Государство преобразованное на указанныхъ демократическихъ уравнительныхъ началахъ, должно было, по плану Пестеля, имѣть республиканскую форму правленія. Законодательная верховная власть поручалась народному Вѣчу, изъ народныхъ представителей, избранныхъ на 5 лѣтъ[12]. Верховная исполнительная власть ввѣрялась Державной Думѣ изъ 5 членовъ, избранныхъ народомъ также на 5 лѣтъ. Кромѣ законодательнаго вѣча и Исполнительной Думы, Пестель считалъ необходимымъ еще третье верховное учрежденіе, съ властью блюстительной, «дабы тѣ двѣ не выходили изъ своихъ предѣловъ». Эту власть онъ поручалъ особому верховному собору изъ 120 бояръ, назначаемыхъ на всю жизнь. Въ этомъ проектѣ онъ близко слѣдовалъ французскому политику Детю-де-Траси, книга котораго «Комментарій къ Духу Законовъ Монтескье» оказала на него большое вліяніе по его собственному признанію[13].

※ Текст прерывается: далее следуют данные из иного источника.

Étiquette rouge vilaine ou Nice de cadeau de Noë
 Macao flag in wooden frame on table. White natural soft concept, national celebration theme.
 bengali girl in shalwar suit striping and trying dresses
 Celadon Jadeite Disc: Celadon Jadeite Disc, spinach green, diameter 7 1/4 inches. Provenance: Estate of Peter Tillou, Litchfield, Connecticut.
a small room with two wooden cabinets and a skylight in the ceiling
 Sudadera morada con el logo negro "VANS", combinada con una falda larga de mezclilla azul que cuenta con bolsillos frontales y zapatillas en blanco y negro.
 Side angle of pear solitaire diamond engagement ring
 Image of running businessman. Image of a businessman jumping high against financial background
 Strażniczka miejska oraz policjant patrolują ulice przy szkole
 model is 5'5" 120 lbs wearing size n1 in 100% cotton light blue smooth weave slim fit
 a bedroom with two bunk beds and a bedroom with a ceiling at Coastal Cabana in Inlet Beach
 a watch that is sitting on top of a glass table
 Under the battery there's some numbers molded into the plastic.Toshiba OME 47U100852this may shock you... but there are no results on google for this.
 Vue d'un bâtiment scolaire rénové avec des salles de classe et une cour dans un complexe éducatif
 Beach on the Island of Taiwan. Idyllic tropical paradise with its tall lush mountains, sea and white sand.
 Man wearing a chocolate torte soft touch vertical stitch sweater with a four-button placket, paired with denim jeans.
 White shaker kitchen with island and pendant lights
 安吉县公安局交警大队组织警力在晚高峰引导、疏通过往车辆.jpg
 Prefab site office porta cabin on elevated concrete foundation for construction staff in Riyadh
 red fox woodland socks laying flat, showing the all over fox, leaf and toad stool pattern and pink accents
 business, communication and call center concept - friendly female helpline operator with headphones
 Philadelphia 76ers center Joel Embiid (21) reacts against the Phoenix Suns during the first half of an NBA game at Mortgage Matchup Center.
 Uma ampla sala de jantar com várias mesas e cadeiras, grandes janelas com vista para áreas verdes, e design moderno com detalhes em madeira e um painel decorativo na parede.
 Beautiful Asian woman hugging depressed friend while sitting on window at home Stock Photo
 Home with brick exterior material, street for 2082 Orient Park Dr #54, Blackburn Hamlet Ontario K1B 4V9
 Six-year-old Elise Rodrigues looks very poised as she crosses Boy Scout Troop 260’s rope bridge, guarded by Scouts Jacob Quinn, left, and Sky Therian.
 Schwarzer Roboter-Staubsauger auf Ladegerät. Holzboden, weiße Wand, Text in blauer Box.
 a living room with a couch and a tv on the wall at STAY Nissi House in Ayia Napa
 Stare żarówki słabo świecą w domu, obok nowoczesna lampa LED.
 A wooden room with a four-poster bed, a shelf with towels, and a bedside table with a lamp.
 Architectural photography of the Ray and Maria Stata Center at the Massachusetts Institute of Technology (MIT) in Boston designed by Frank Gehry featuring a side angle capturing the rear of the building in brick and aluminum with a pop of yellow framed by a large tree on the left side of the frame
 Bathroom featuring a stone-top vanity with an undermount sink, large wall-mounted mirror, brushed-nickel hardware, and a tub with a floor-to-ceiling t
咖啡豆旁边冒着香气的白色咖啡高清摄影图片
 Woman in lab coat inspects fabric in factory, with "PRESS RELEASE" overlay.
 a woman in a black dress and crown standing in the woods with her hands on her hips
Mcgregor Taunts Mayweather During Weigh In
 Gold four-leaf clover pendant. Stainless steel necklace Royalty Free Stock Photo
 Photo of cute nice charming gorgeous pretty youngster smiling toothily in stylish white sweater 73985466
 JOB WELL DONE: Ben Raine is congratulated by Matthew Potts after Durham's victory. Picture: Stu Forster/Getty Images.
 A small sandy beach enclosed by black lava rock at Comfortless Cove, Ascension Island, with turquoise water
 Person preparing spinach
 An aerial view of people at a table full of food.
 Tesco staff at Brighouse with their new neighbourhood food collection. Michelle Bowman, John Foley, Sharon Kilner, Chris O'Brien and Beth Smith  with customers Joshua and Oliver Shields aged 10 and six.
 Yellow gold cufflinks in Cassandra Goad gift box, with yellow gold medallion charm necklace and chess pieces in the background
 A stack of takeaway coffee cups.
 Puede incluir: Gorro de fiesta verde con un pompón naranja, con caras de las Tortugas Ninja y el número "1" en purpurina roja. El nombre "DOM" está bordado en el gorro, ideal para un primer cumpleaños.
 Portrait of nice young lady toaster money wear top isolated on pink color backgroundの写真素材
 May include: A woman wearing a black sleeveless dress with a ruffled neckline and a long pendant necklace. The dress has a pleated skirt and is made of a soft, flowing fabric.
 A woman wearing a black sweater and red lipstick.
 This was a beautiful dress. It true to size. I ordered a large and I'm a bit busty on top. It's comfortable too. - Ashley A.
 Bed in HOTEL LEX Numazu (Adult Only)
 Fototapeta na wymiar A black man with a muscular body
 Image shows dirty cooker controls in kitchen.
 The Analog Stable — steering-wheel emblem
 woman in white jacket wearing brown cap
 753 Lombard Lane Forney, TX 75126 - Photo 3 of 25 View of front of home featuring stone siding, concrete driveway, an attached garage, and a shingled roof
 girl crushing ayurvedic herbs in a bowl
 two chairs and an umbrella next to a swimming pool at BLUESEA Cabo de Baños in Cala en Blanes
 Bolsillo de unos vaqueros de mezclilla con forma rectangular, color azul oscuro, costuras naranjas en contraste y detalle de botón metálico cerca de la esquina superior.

Достигнуть утвержденія такой демократической республики въ Россіи Пестель надѣялся путемъ военнаго переворота и предоставленія полноты власти на переходные годы реформы Временному Верховному Правленію. «Русская Правда» должна была служить наказомъ этому правленію, и власть ввѣрялась ему съ обязательствомъ въ преобразованіи государственнаго строя точно слѣдовать началамъ, изложеннымъ въ этомъ наказѣ.

Диктатура временнаго верховнаго правленія представлялась Пестелю необходимой, потому что онъ не надѣялся провести свой планъ преобразованій чрезъ представительное учрежденіе. «Представительный соборъ — писалъ онъ въ «Русской Правдѣ» — не можетъ быть созванъ, ибо начала представительнаго верховнаго порядка въ Россіи еще не существуютъ». Въ осуществимость же своего плана военнаго переворота онъ вѣрилъ, основываясь на примѣрѣ современныхъ ему революцій въ Испаніи, Португаліи и Неаполѣ.

Эти же революціи убѣждали его въ необходимости поставить цѣлью переворота республику, а не конституціонную монархію, потому что примѣры реставраціи абсолютизма въ Испаніи и [17] Португаліи давали ему «неоспоримыя доказательства въ непрочности монархическихъ конституцій и полныя достаточныя причины къ недовѣрчивости къ истинному согласію монарховъ на конституціи, ими принимаемыя». И чтобы предотвратить возможность реставраціи абсолютизма, Пестель, со свойственной ему смѣлой послѣдовательностью, пришелъ къ мысли о необходимости не только цареубійства, но и истребленія всѣхъ членовъ императорской фамиліи, какъ возможныхъ претендентовъ на престолъ. Этотъ смѣлый шагъ, какъ рѣшительный кровавый разрывъ съ прошлымъ, долженъ былъ обезпечить трудную преобразовательную работу временнаго верховнаго правленія. Поэтому, какъ ни пугалъ многихъ его планъ, онъ твердо настаивалъ на недостаточности одного только цареубійства.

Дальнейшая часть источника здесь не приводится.